Calculation of the equation of the regression line

Simple Linear Regression

  • Simple linear regression is a statistical method that allows us to summarise and study the relationships between two continuous variables.
  • One variable, denoted Y, is regarded as the dependent or response variable. The other, denoted X, is regarded as the independent or explanatory variable.
  • The equation for a simple linear regression is denoted as Y = a + bX where a is the y-intercept and b is the slope or gradient of the line.

The Regression Coefficients (a and b)

  • The slope (b) of the regression line is the amount by which Y is predicted to change when X changes by one unit. It is calculated using the formula: b = Σ((xi - x̄)(yi - ȳ))/Σ((xi - x̄)²), where xi and yi are the individual sample points, and x̄ and ȳ are the means of X and Y respectively.
  • The intercept (a) is the predicted value of Y when X = 0. It is calculated using the formula: a = ȳ - b*x̄.

Assumptions of the Simple Linear Regression Model

  • Linearity: There is a linear relationship between X and Y.
  • Independence: Observations are independent of each other.
  • Homoscedasticity: The variance of the errors is constant across all levels of X.
  • Normality: The errors of the response variables follow a normal distribution.

Least Squares Method

  • The method of least squares is used in simple linear regression to calculate the best-fitting line through the observed data.
  • The best-fit line is calculated by minimising the sum of the squares of the vertical “errors”. The “errors” are the distances from the observed data points to the line.

Residuals

  • The residuals are used to verify the validity of the model. They are the distances between the observed y-values (Y) and the predicted y-values (Ŷ ).
  • Residuals are calculated by the formula: eᵢ = Yᵣᵢ - Ŷ where Ŷ is the estimated or predicted value of Y based on our line of best fit.

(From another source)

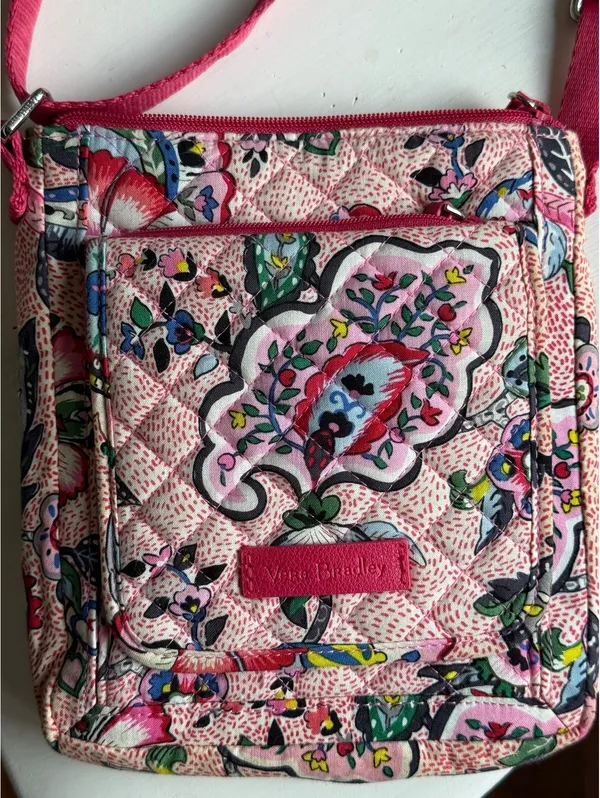Vera Bradley Small Crossbody Bag in Pink Floral Quilted Cotton - Image 3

##Using the Regression Line for Prediction

  • Once the equation of the line is calculated, it can be used to predict the value of Y for any given value of X.
  • It’s important to use caution when making predictions outside the range of the original data (extrapolation), as the relationship may not hold outside this range.

Review Questions

After familiarising yourself with these concepts, work out regression problem sets. Start by calculating the slope and intercept of regression equations, then move on to interpretation and prediction. Be cautious of making predictions outside the range and remember to check the assumptions of the linear regression model. You will also find online resources and relevant textbooks useful.